Rozdział 10

2.2K 206 186
                                    

~Harry's POV~

 Myśli kołatały się w mojej głowie. Bałem się o niego. Ten huk na końcu naszej rozmowy mnie cholernie przeraził. Co mu się stało? I czemu poszedł do baru, skoro stwierdził, że musi iść? Upił się, a teraz nie wie co robić. Nadal nie rozumiem o co mu chodziło z tym, że muszę po niego przyjechać. W czym mogę pomóc pijanemu facetowi? Ale może jednak stało się coś poważnego...Cały smutek odszedł na dalszy tor.

 Liczyło się tylko to, co się dzieje z Louisem.

 Zajechałem pod bar i nie rozglądając się na boki przebiegłem na drugą stronę. Chwilę mi zajęło przypomnienie sobie, gdzie jest wejście. W końcu obiegłem budynek i znalazłam drzwi. Szybko je otworzyłem i od razu w oczy wrzucił mi się zapłakany Louis siedzący przy ladzie.

 Serce się kraja na taki widok.

 Podszedłem bliżej. Barmanka wycierała ladę. Biznesmen cały cię kiwał i miał czkawkę, a kobieta tylko ze złością w oczach zmywała wylany alkohol.

 - Co się stało?- spojrzałem na nią i oboje podnieśli wzrok.

 - Usnął w połowie rozmowy i wylał pół szklanki whiskey.- mruknęła i się odsunęła do kolejnego klienta. Usiadłem obok Louisa i z niecierpliwością czekałem, aż coś powie.

 - Harry!- powiedział zapłakanym głosem i znowu czknął. Otworzyłem szeroko oczy i wsłuchiwałem się w to co mówi.- Bo ja nie czuję stopy! Ja nie chcę, żeby mi ją amputowali! Nie, Harry, pomóż!- wstał i na jednej nodze podskoczył do mnie. Zarzucił mi ręce na szyje, a głowę położył na zagłębieniu moje szyi. Spojrzałem na jego nogi. Cóż... musiał być nieźle nabity.

 - Lou... ty nie masz tylko buta.- powiedziałem spokojnie i poklepałem go po plecach. Podniósł wzrok i ze strachem spojrzał na mnie.

 - Nie prawda! Harry, pomóż! Ja chcę czuć moją nogę!- pisnął. Westchnąłem.

 - Kiedy ostatni raz miałeś bu... czucie w nodze?
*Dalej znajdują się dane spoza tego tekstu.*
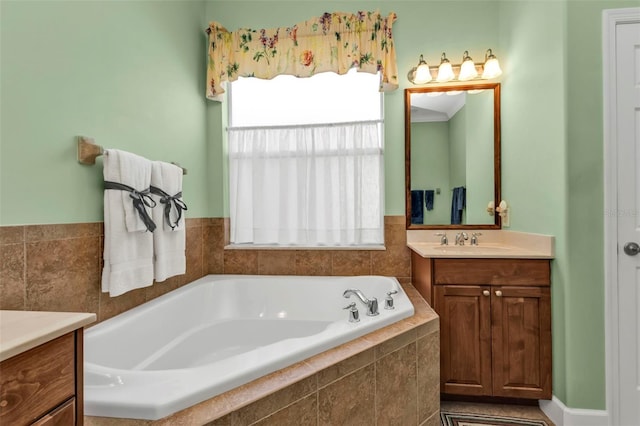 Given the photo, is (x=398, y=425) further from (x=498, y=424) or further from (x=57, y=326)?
(x=57, y=326)

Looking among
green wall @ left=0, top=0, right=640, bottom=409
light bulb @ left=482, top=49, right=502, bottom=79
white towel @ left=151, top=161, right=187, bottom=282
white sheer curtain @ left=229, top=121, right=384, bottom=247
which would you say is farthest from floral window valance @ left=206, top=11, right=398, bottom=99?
white towel @ left=151, top=161, right=187, bottom=282

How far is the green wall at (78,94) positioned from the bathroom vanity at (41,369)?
Result: 0.66 meters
 - W łazience.- odpowiedział niewyraźnie. Podniosłem się z nim i posadziłem go na krześle. Od razu opadł głową na blat i rozbrzmiał ten sam huk co wcześniej.
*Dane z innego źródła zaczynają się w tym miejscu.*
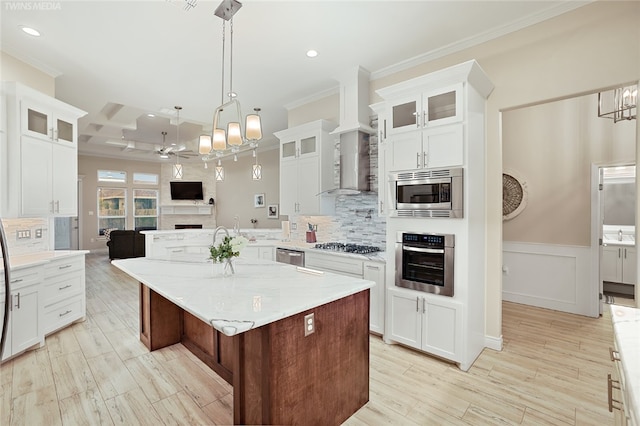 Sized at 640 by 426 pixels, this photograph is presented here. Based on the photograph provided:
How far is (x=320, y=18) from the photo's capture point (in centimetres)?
283

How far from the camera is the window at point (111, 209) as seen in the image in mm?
9625

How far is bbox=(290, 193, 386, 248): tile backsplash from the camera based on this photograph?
411 centimetres

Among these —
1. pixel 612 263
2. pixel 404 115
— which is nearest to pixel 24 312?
pixel 404 115

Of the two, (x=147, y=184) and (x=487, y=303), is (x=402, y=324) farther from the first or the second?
(x=147, y=184)

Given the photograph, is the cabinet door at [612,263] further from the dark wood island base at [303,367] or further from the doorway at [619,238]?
the dark wood island base at [303,367]

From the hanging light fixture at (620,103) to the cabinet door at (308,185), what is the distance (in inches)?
131

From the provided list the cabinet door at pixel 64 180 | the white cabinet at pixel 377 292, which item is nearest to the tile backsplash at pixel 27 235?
the cabinet door at pixel 64 180

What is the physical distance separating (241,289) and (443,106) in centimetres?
241

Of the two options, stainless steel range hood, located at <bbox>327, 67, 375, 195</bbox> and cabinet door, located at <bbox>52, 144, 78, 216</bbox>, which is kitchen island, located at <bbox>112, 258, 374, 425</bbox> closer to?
stainless steel range hood, located at <bbox>327, 67, 375, 195</bbox>

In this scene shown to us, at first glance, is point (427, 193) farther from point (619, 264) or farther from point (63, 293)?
point (619, 264)

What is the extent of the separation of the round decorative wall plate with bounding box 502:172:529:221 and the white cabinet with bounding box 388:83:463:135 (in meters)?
2.57

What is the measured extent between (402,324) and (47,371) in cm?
333

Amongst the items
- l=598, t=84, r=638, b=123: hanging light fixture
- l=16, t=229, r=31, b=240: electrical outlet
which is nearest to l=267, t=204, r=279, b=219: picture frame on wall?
l=16, t=229, r=31, b=240: electrical outlet

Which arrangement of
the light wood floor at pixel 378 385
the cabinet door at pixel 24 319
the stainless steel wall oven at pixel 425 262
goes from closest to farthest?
the light wood floor at pixel 378 385 < the stainless steel wall oven at pixel 425 262 < the cabinet door at pixel 24 319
 - Tak, zostaw mnie. Samego, bezbronnego bez czucia w stopie. Poradzę sobie.- zaczął chlipać.

 Panie Boże, daj mi cierpliwość i siłę, żebym mógł go znieść!

 Ruszyłem w stronę łazienki. Stanąłem przed białymi drzwiami z niebieskim znaczkiem trójkąta na samej górze. Już na zewnątrz można było poczuć odór wymiocin i moczu.

 Dlatego przestałem przychodzić do barów.

 Otworzyłem drzwi i myślałem, że się zaraz zhaftuję. Zakryłem twarz ręką i zatrzasnąłem je z powrotem. Ale muszę to zrobić, bo inaczej Louis nie da mi spokoju.

 Nienawidzę pijanych ludzi.

 Wszedłem do łazienki i zbliżyłem się do wielkiej zielonej plamy na środku pomieszczenia. Obok mnie było wielkie lustro, 2 umywalki, 3 pisuary i jedna kabina. No i pełno napisów i numerów telefonów. Wyjąłem buta z czyiś wymiocin, mając nadzieję, że były one Louisa, a nie kogoś innego i podszedłem do zlewu. Wziąłem z 2 tuziny ręczników jednorazowych i zacząłem wycierać brud z obuwia chłopaka. Gdy był już czysty powoli wyszedłem z pomieszczenia i wróciłem do biznesmena. Siedział, opierając czoło o ladę i machał jedną nogą. Po chicho zakradłem się do niego, przykucnąłem i założyłem buta na jego stopę. Podniosłem się i spojrzałem na niego.